Cybercrime surveys are riddled with statistical innacuracy and error, according to a Microsoft research paper.
In Sex, Lies and Cybercrime Surveys authors Dinei Florencio and Cormac Herley use the analogy of common errors found in sex surveys to illustrate a similar problem in many cybercrime studies.
The problem relates to the extrapolation from "heavytail" statistical means. When estimating an unknown quantity (cybercrime losses for instance) from subjective responses, small numbers of unusual answers can hugely distort the result if this result is taken to be representative of a whole population's experience.
In sex surveys, most men and women tell the truth when asked how many partners they have slept with, but a small number (especially men) are inclined to exaggerate to such an extent that it can badly skew mean statistics in ways that are difficult to detect.
The equivalent in cybercrime surveys would be the very high losses experienced by a small number of individuals being generalised across larger groups which have overwhelmingly suffered only mild distress, offering a distorted picture of the experience of most victims.
It is an obvious point that subjective surveys have this sort of risk built into them, but that hasn't stopped the security industry wielding surveys in a tool of knowledge and understanding when they are nothing of the sort.
As the authors point out, the least reliable cybercrime numbers tend to be the "eye-popping" estimates of financial losses sometimes attributed to different types of cybercrime.
"It does not appear generally understood that the estimates we have of cybercrime losses also have these ingredients of catastrophic error, and the measures to safeguard against such bias have been universally ignored," say the authors.
"Our assessment of the quality of cyber-crime surveys is harsh: they are so compromised and biased that no faith whatever can be placed in their findings. We are not alone in this judgement."
The authors recommend ignoring any survey that does not fully explain its methodology and of examining statistical giveaways such as the ratio of mean to median. If this number rises above a certain level so must sample sizes, sometimes to unfeasibly large numbers beyond the reach of most surveyors.

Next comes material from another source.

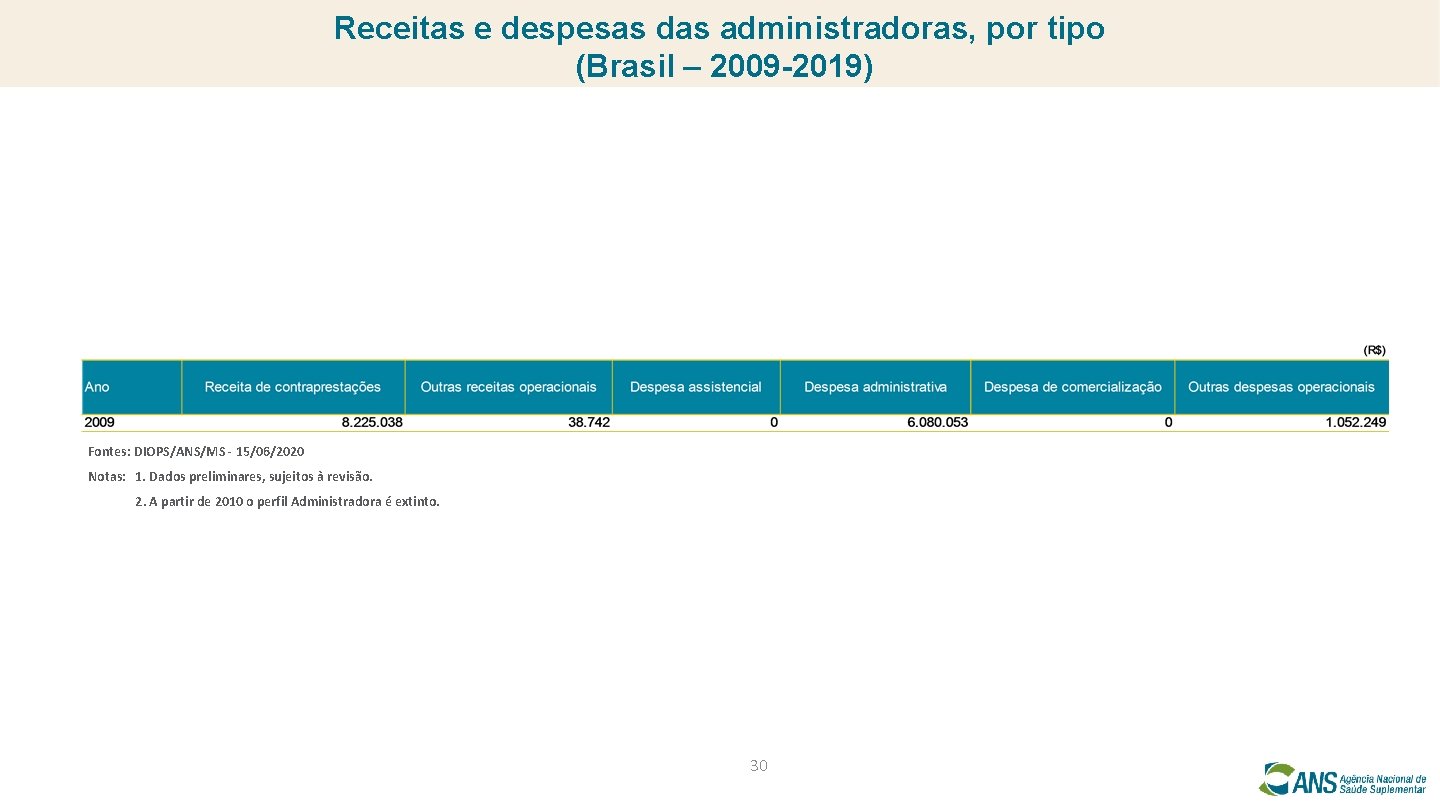 Receitas e despesas das administradoras, por tipo (Brasil – 2009 -2019) Fontes: DIOPS/ANS/MS -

If the authors nail the distortions that plague many subjective surveys, what they don't analyse in detail beyond the odd dark hint is why such flawed survey methods have become popular in media culture, especially for cybersecurity, an area governed by so many unknowns.
The answer clearly has partly to do with the insatiable desire of companies to associate themselves with favourite themes using attention-grabbing survey numbers, preferably financial ones involving frightening losses. Survey science, then, has become a tool of marketing and PR rather than research.
Human beings also have a fixation with understanding complex phenomena through generalisations. At its worst this can manufacture knowledge from information in ways that distort how people treat issues such as risk.